Start of Block

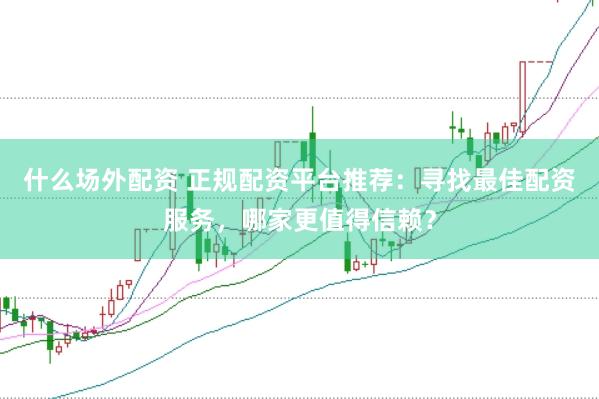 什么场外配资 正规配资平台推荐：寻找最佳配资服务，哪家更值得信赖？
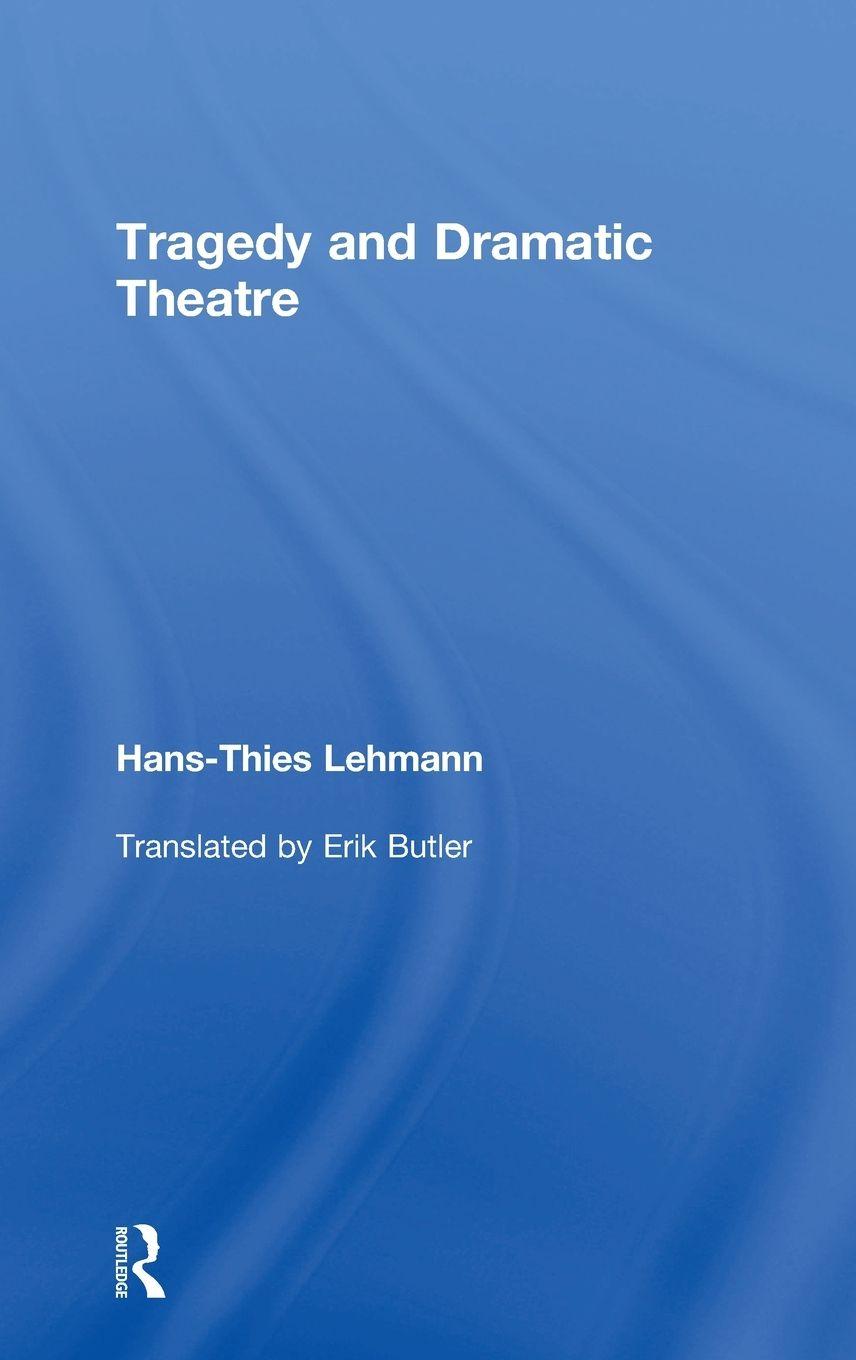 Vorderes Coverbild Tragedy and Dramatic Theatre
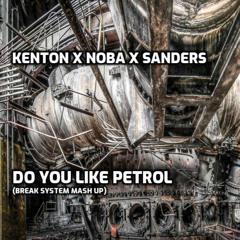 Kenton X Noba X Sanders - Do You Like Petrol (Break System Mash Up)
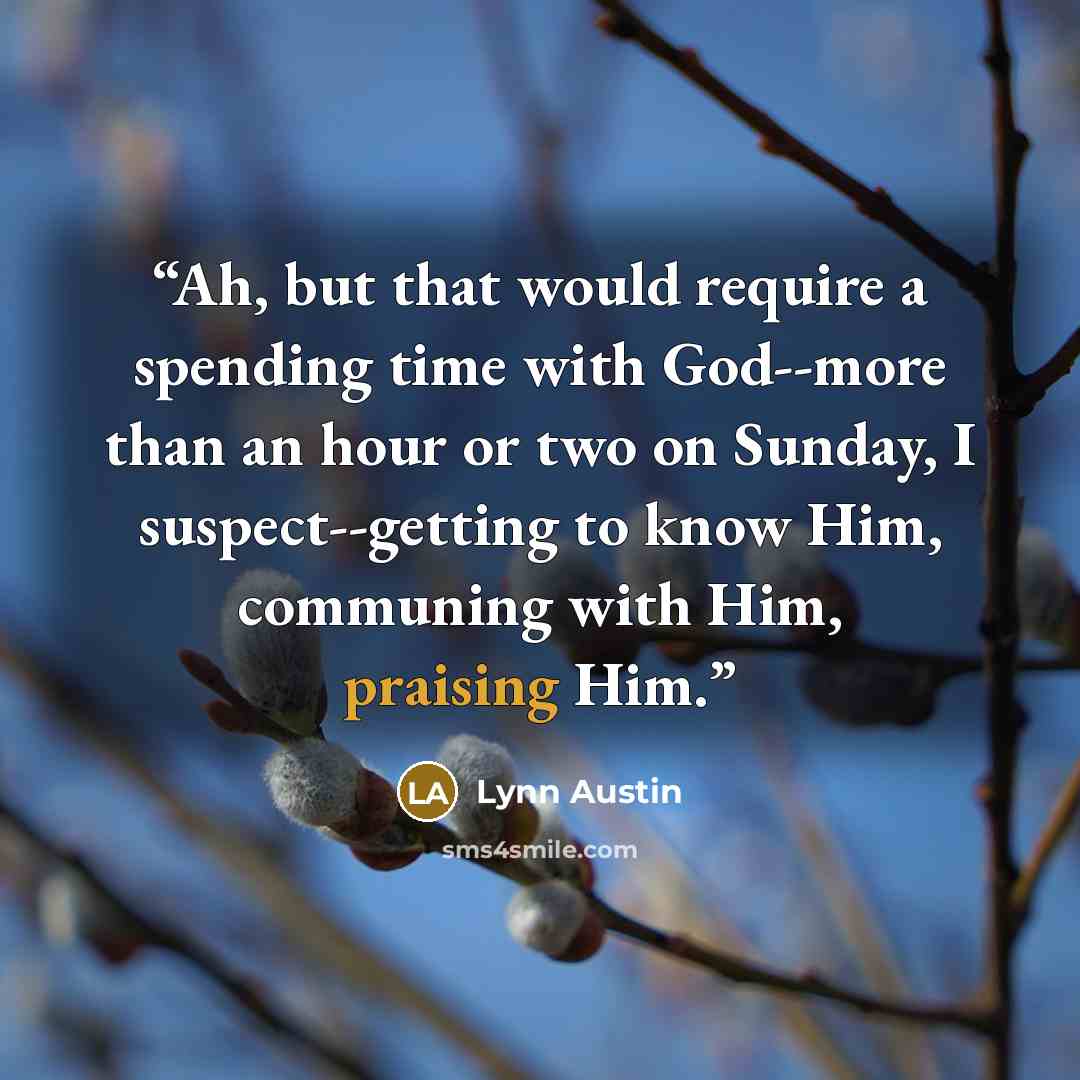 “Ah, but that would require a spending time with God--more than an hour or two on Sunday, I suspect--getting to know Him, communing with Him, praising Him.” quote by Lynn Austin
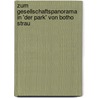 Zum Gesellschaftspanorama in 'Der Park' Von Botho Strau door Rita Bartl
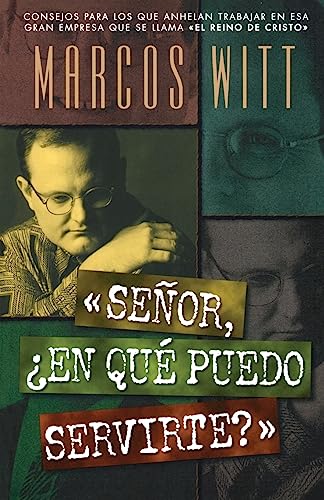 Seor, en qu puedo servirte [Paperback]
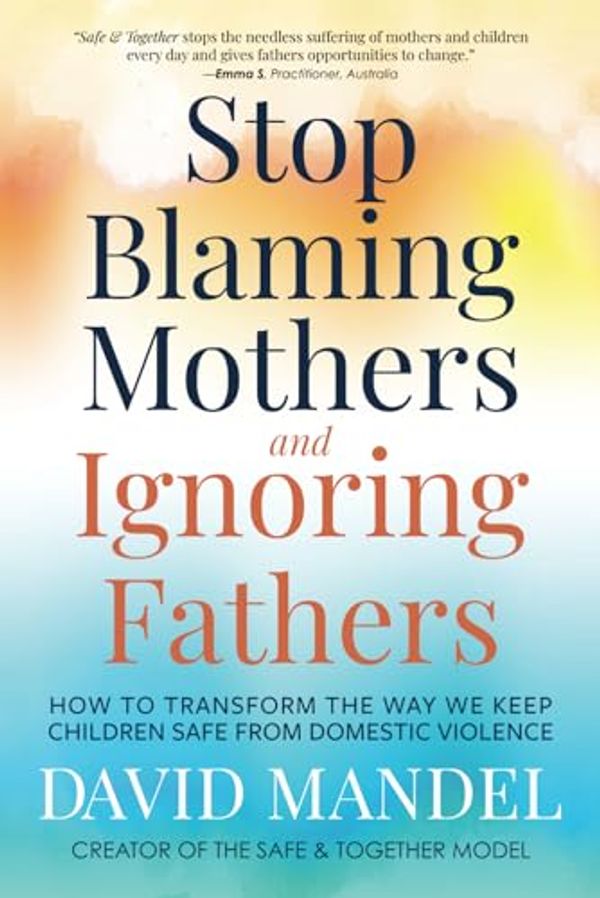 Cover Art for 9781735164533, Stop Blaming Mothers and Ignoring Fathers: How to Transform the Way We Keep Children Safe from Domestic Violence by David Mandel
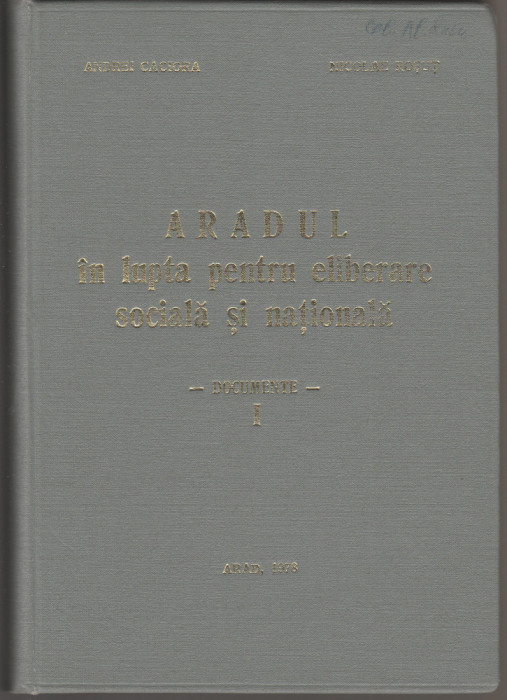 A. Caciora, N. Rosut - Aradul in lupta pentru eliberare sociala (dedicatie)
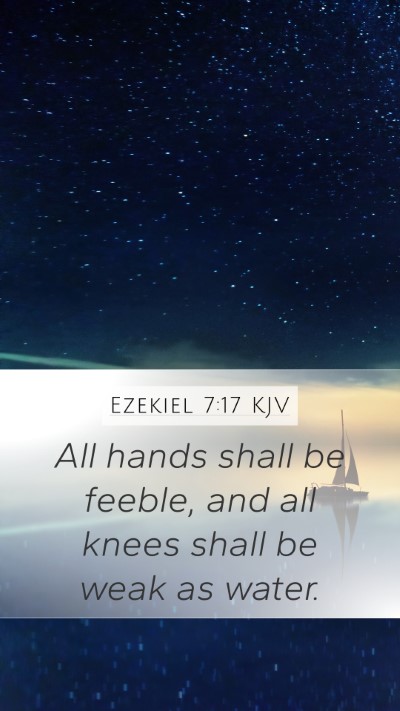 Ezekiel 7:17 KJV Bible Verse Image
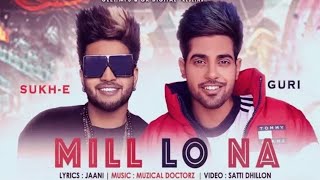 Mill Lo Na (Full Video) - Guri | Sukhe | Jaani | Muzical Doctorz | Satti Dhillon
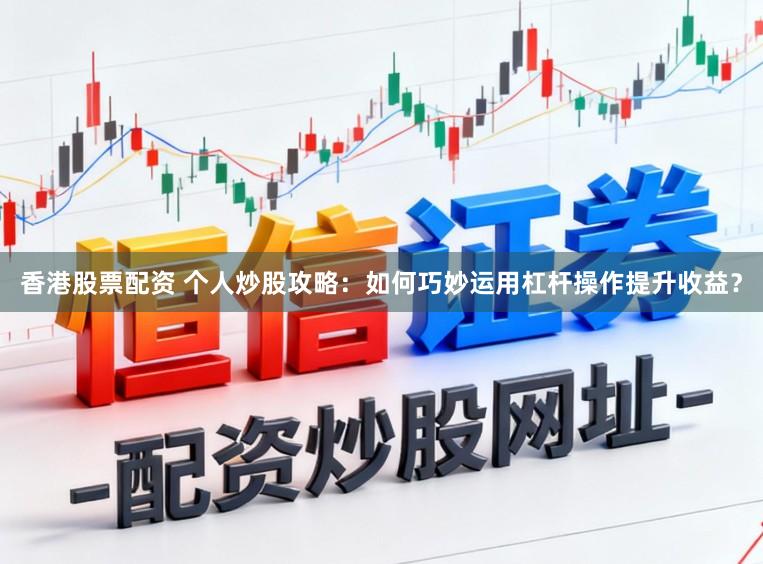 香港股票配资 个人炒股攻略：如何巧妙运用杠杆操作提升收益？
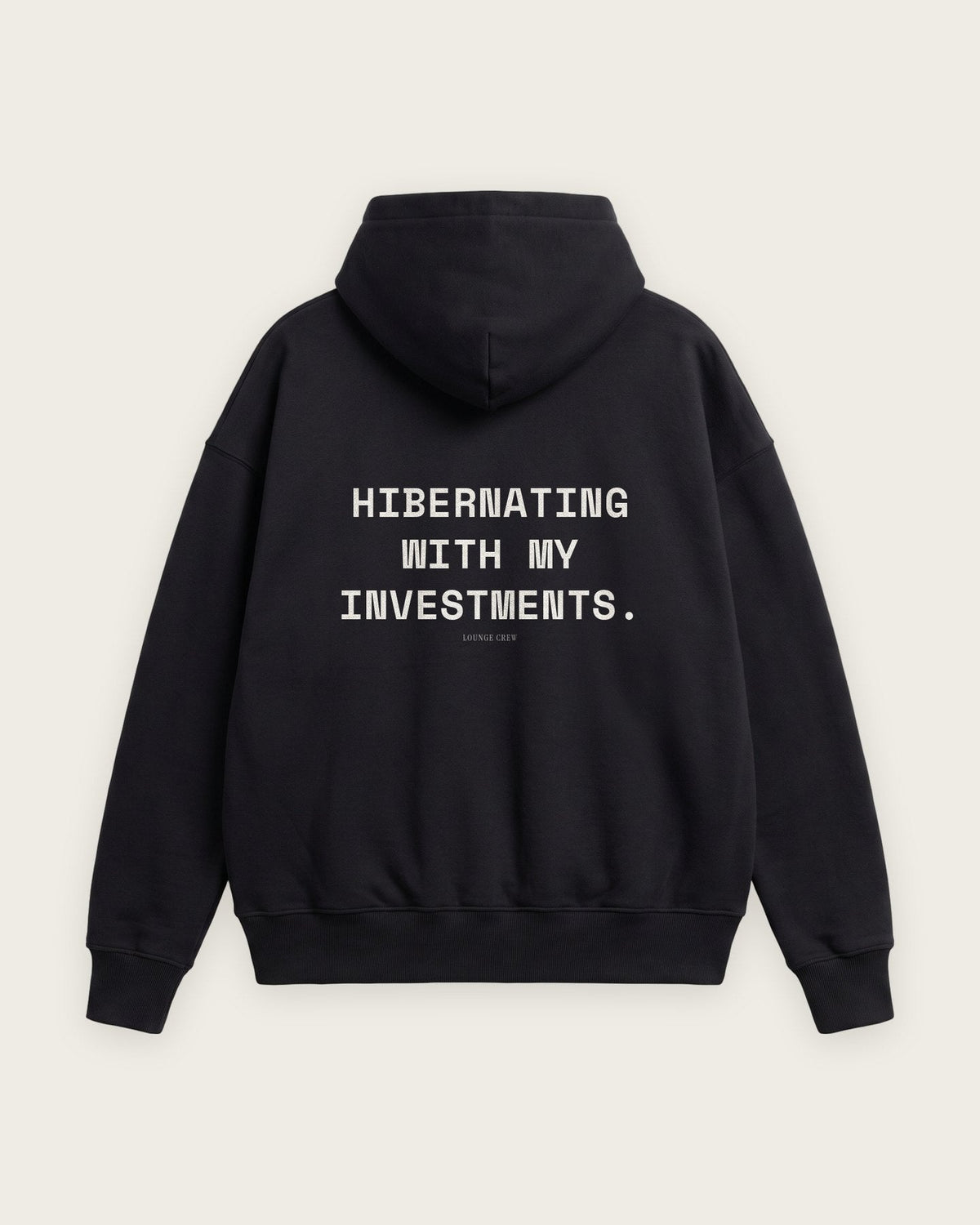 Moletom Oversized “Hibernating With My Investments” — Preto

End of Block

| WORK INSTRUCTIONS |
Only the text of the material belongs in your copy, which must match the original exactly.

| YOUR RESPONSE |
 什么场外配资 正规配资平台推荐：寻找最佳配资服务，哪家更值得信赖？
 Vorderes Coverbild Tragedy and Dramatic Theatre
 Kenton X Noba X Sanders - Do You Like Petrol (Break System Mash Up)
 “Ah, but that would require a spending time with God--more than an hour or two on Sunday, I suspect--getting to know Him, communing with Him, praising Him.” quote by Lynn Austin
 Zum Gesellschaftspanorama in 'Der Park' Von Botho Strau door Rita Bartl
 Seor, en qu puedo servirte [Paperback]
 Cover Art for 9781735164533, Stop Blaming Mothers and Ignoring Fathers: How to Transform the Way We Keep Children Safe from Domestic Violence by David Mandel
 A. Caciora, N. Rosut - Aradul in lupta pentru eliberare sociala (dedicatie)
 Ezekiel 7:17 KJV Bible Verse Image
 Mill Lo Na (Full Video) - Guri | Sukhe | Jaani | Muzical Doctorz | Satti Dhillon
 香港股票配资 个人炒股攻略：如何巧妙运用杠杆操作提升收益？
 Moletom Oversized “Hibernating With My Investments” — Preto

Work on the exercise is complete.